PROBLEM TO SOLVE: All entries are to be copied verbatim, while the pictures stay out.

[Caption-style text data]

┏━━

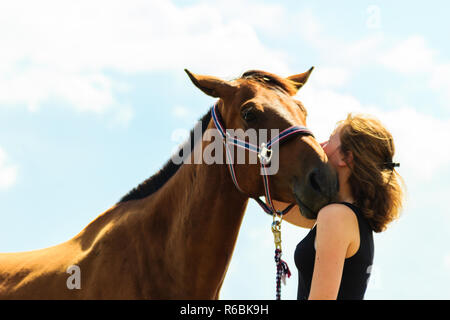 Taking care of animals, love and friendship concept. Jockey young girl kissing and hugging brown horse on sunny day Stock Photo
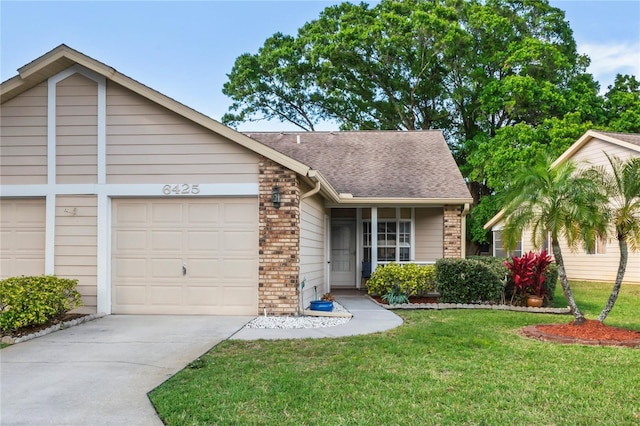 view of front of property with a garage and a front yard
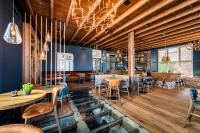 a restaurant with wooden ceilings and tables and chairs at Boutique Hotel De Beerze in Middelbeers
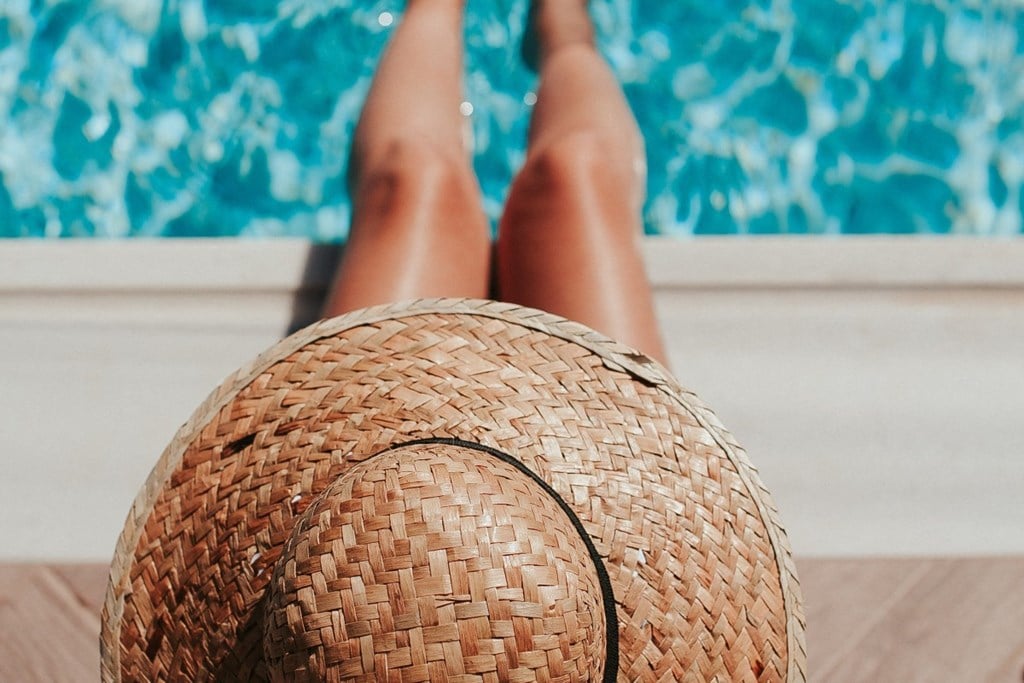 a woman with her feet up on a straw ball by a pool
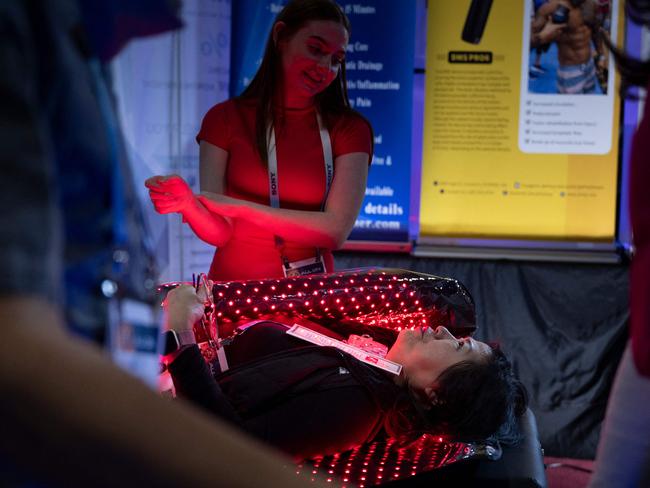 A person lays in a red light wrap at the Dr. Fuji / Acigi booth  in the Venetian Expo Center during the Consumer Electronics Show (CES) in Las Vegas, Nevada on January 9, 2024. (Photo by Brendan Smialowski / AFP)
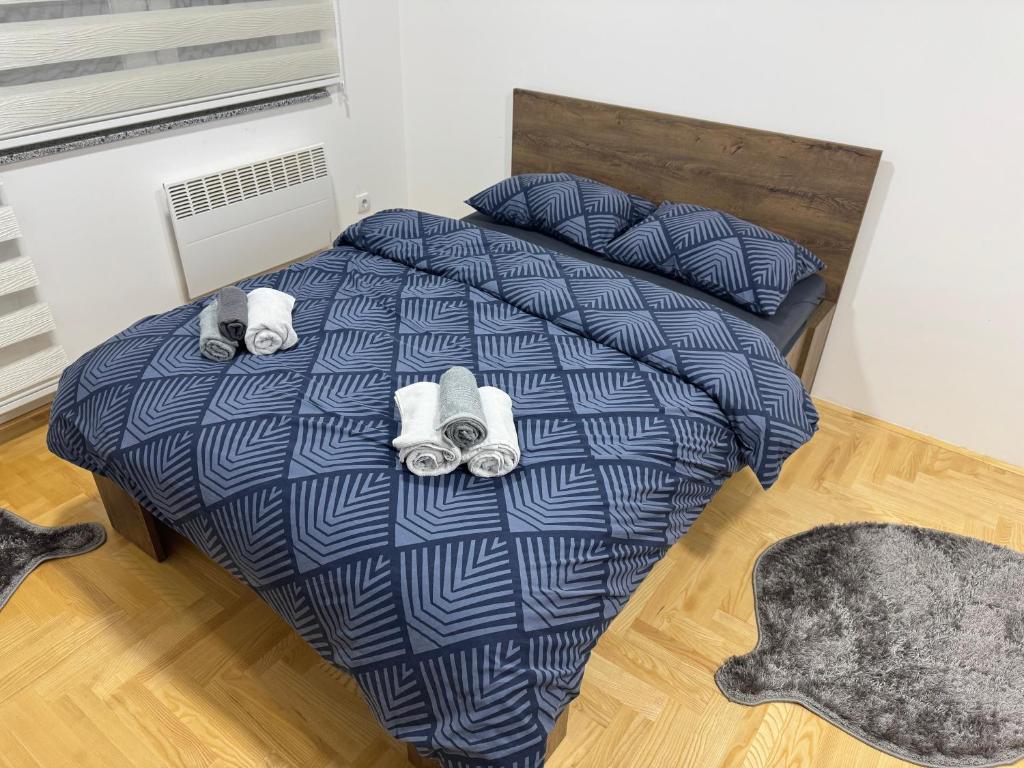 Postel nebo postele na pokoji v ubytování Studio apartman " 3M "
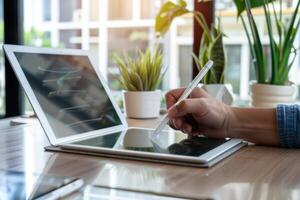 A man using a pen to write on a laptop photo
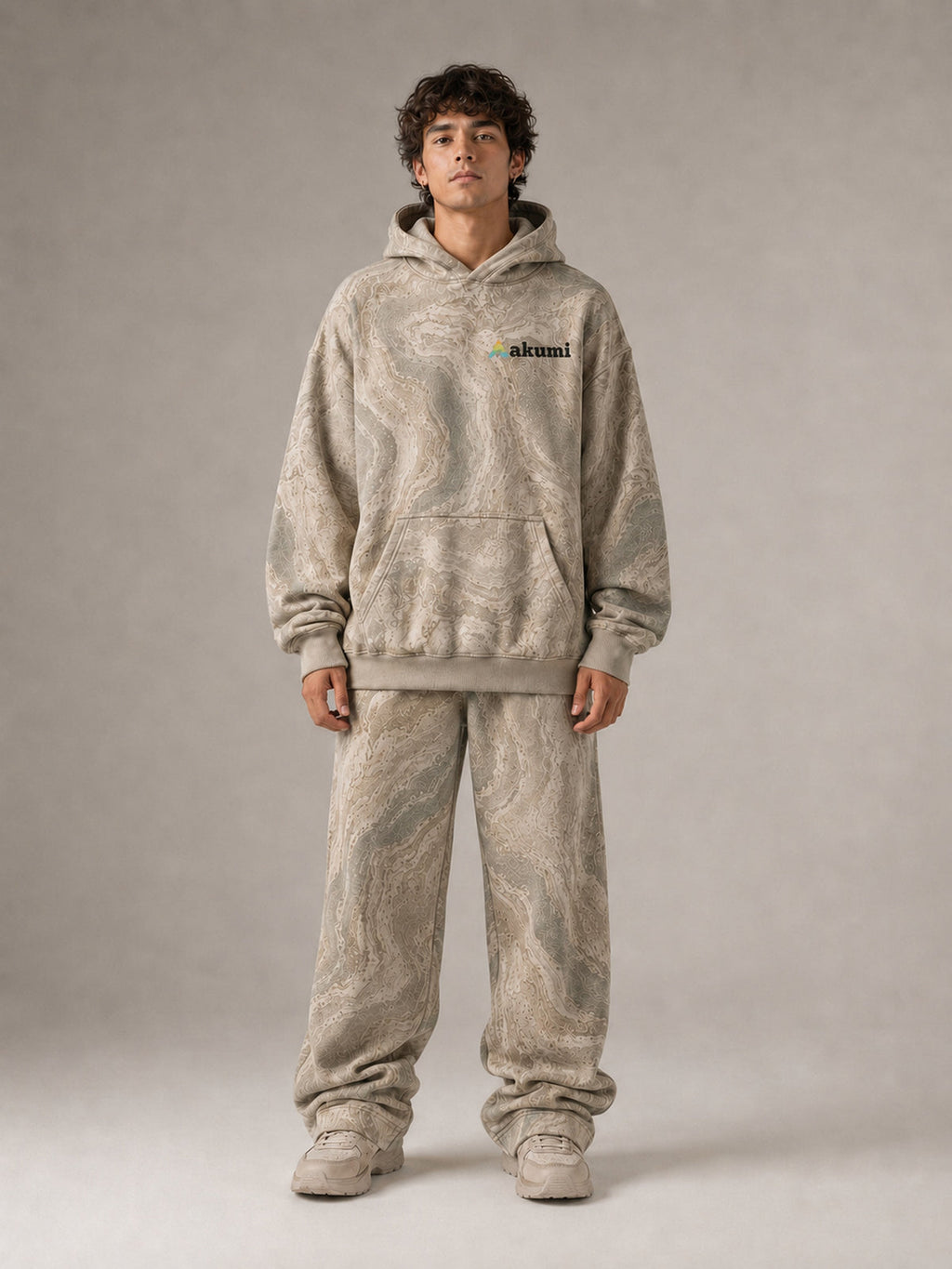 Akumi Fieldwave Hoodie in Stonebrush, male front view with embroidered Akumi logo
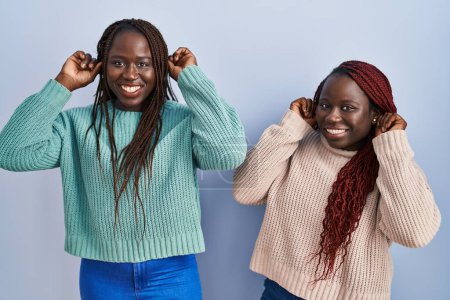 Téléchargez les photos : Deux femmes africaines debout sur fond bleu souriant tirant des oreilles avec les doigts, geste drôle. problème d'audition - en image libre de droit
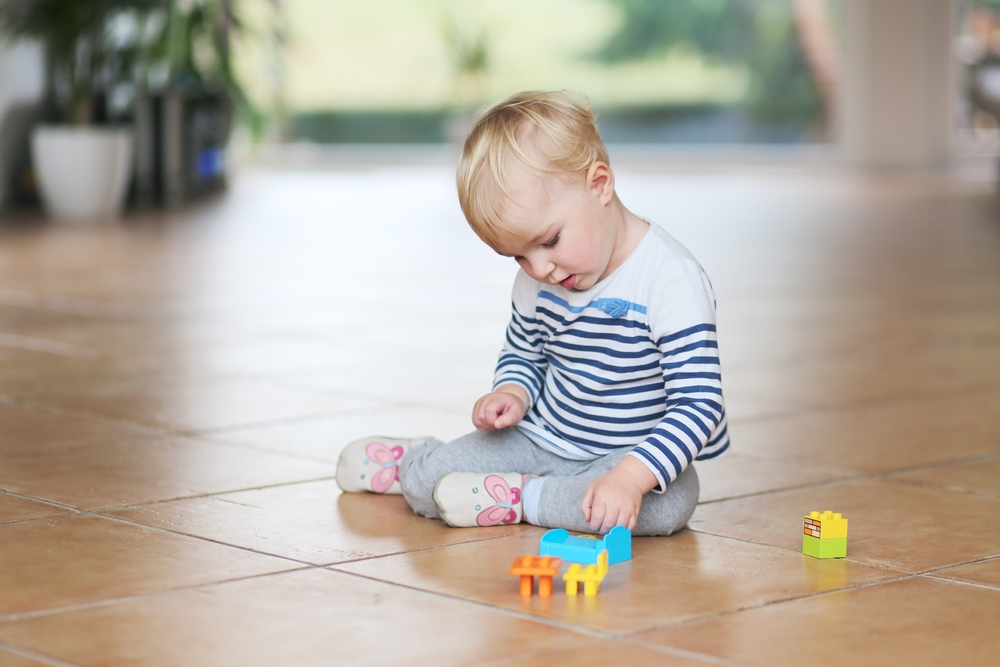 baby-playing-on-ceramic-floor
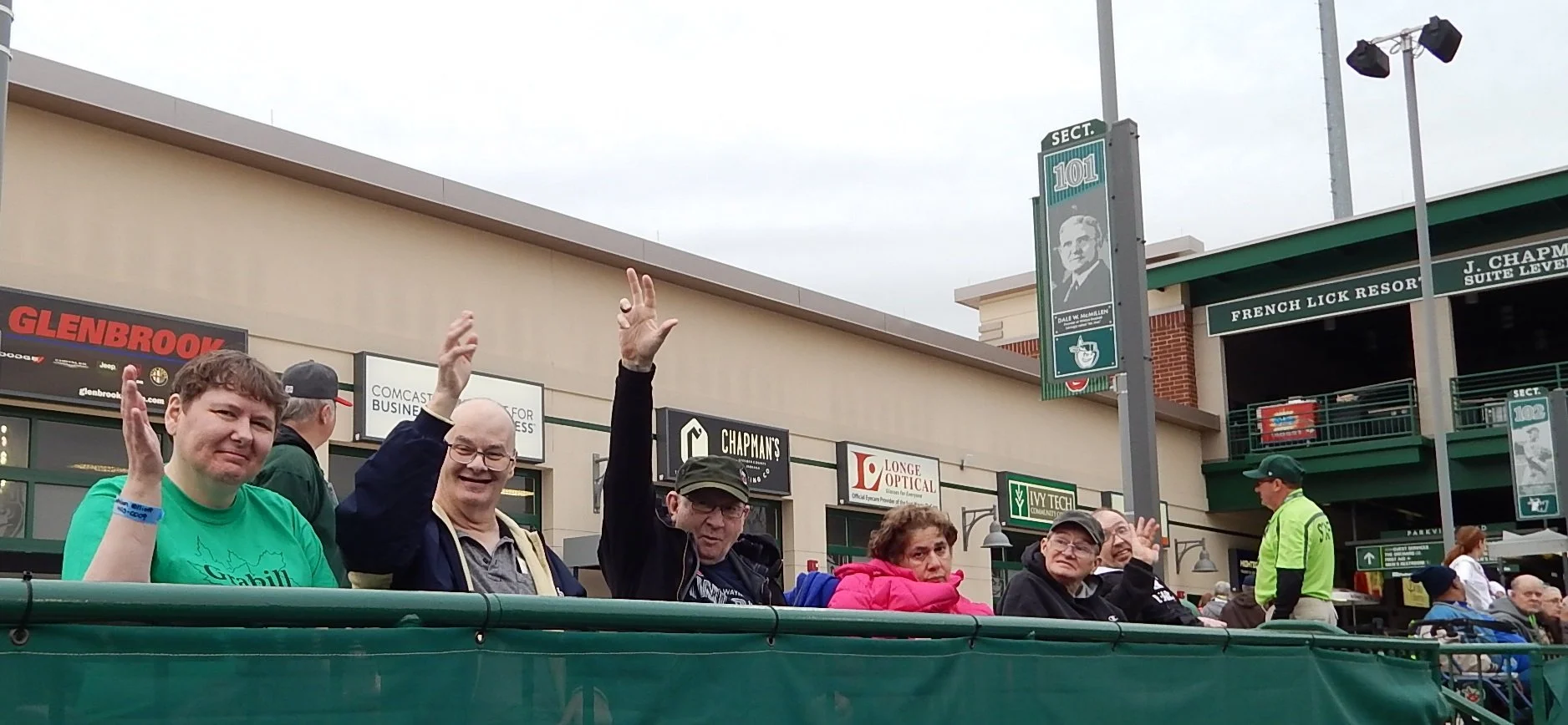 People sitting in a stadium or sports venue, waving and smiling, with signs and shops in the background.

┗━━

TASK RESPONSE:
 Taking care of animals, love and friendship concept. Jockey young girl kissing and hugging brown horse on sunny day Stock Photo
 view of front of property with a garage and a front yard
 a restaurant with wooden ceilings and tables and chairs at Boutique Hotel De Beerze in Middelbeers
 a woman with her feet up on a straw ball by a pool
 A person lays in a red light wrap at the Dr. Fuji / Acigi booth  in the Venetian Expo Center during the Consumer Electronics Show (CES) in Las Vegas, Nevada on January 9, 2024. (Photo by Brendan Smialowski / AFP)
 Postel nebo postele na pokoji v ubytování Studio apartman " 3M "
 A man using a pen to write on a laptop photo
 Akumi Fieldwave Hoodie in Stonebrush, male front view with embroidered Akumi logo
 Téléchargez les photos : Deux femmes africaines debout sur fond bleu souriant tirant des oreilles avec les doigts, geste drôle. problème d'audition - en image libre de droit
 baby-playing-on-ceramic-floor
 People sitting in a stadium or sports venue, waving and smiling, with signs and shops in the background.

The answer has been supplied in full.